TASK OBJECTIVE » As you work through the listing below, copy each line exactly and drop the images.

PROVIDED DATA »
____
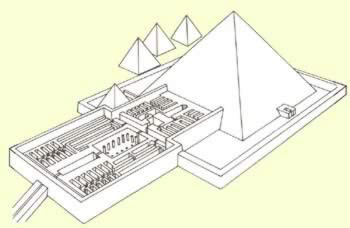 A drawing of the layout of The Pyramid complex of Pepi I at South Saqqara in Egypt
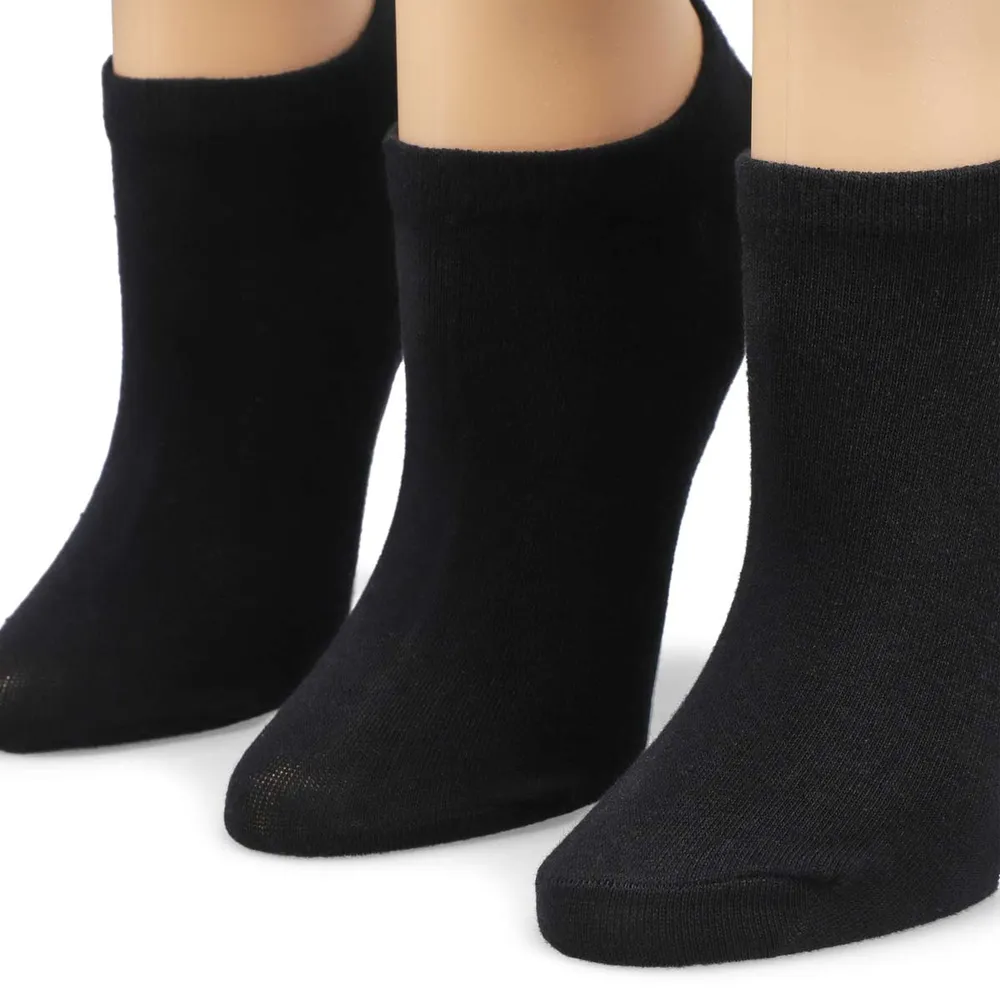 Womens Basics No Show Sock 3 Pack - Black/White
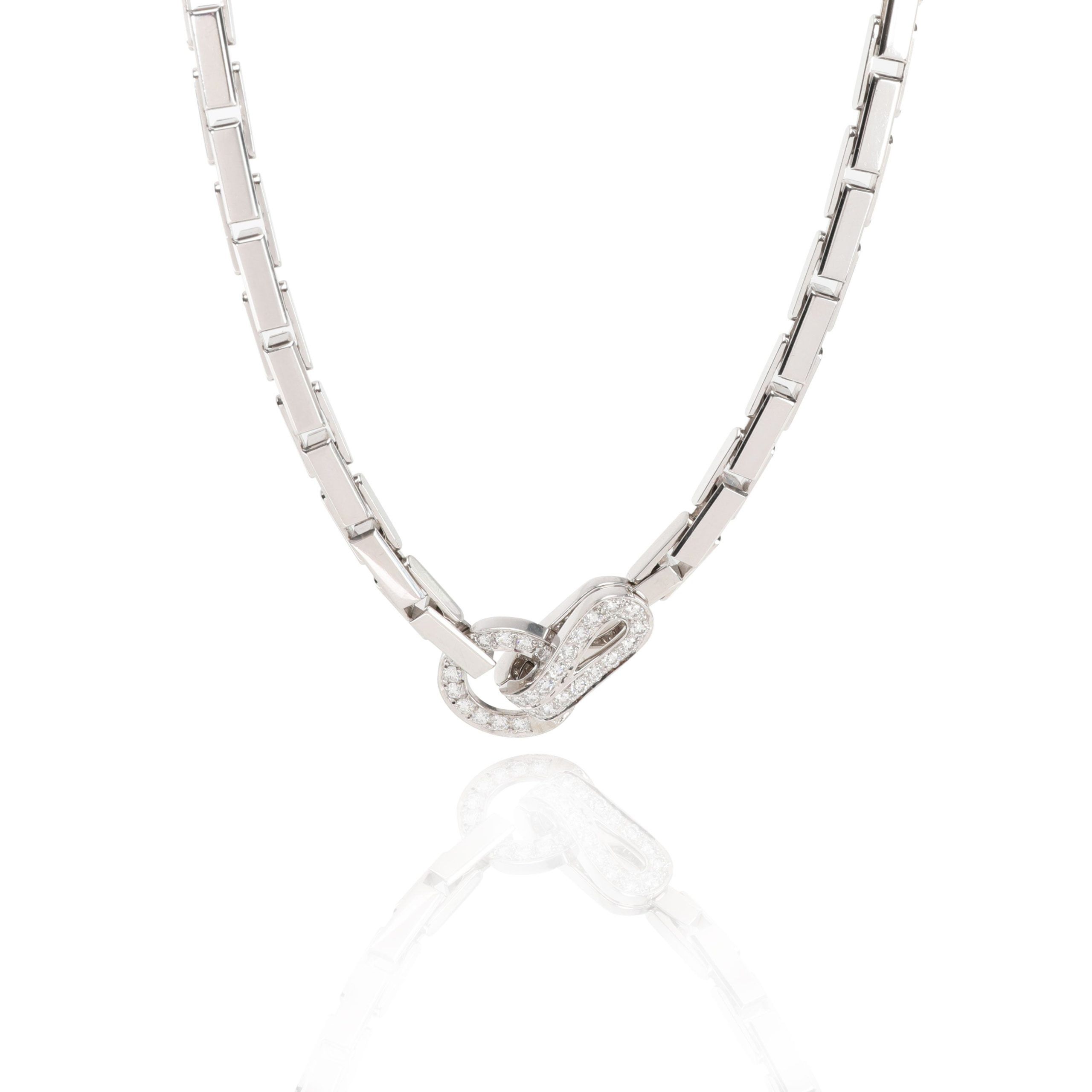 image of Cartier Agrafe Diamond Necklace In 18K White Gold 1.1 Ctw, Women's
____
SOLUTION BELOW »
 A drawing of the layout of The Pyramid complex of Pepi I at South Saqqara in Egypt
 Womens Basics No Show Sock 3 Pack - Black/White
 image of Cartier Agrafe Diamond Necklace In 18K White Gold 1.1 Ctw, Women's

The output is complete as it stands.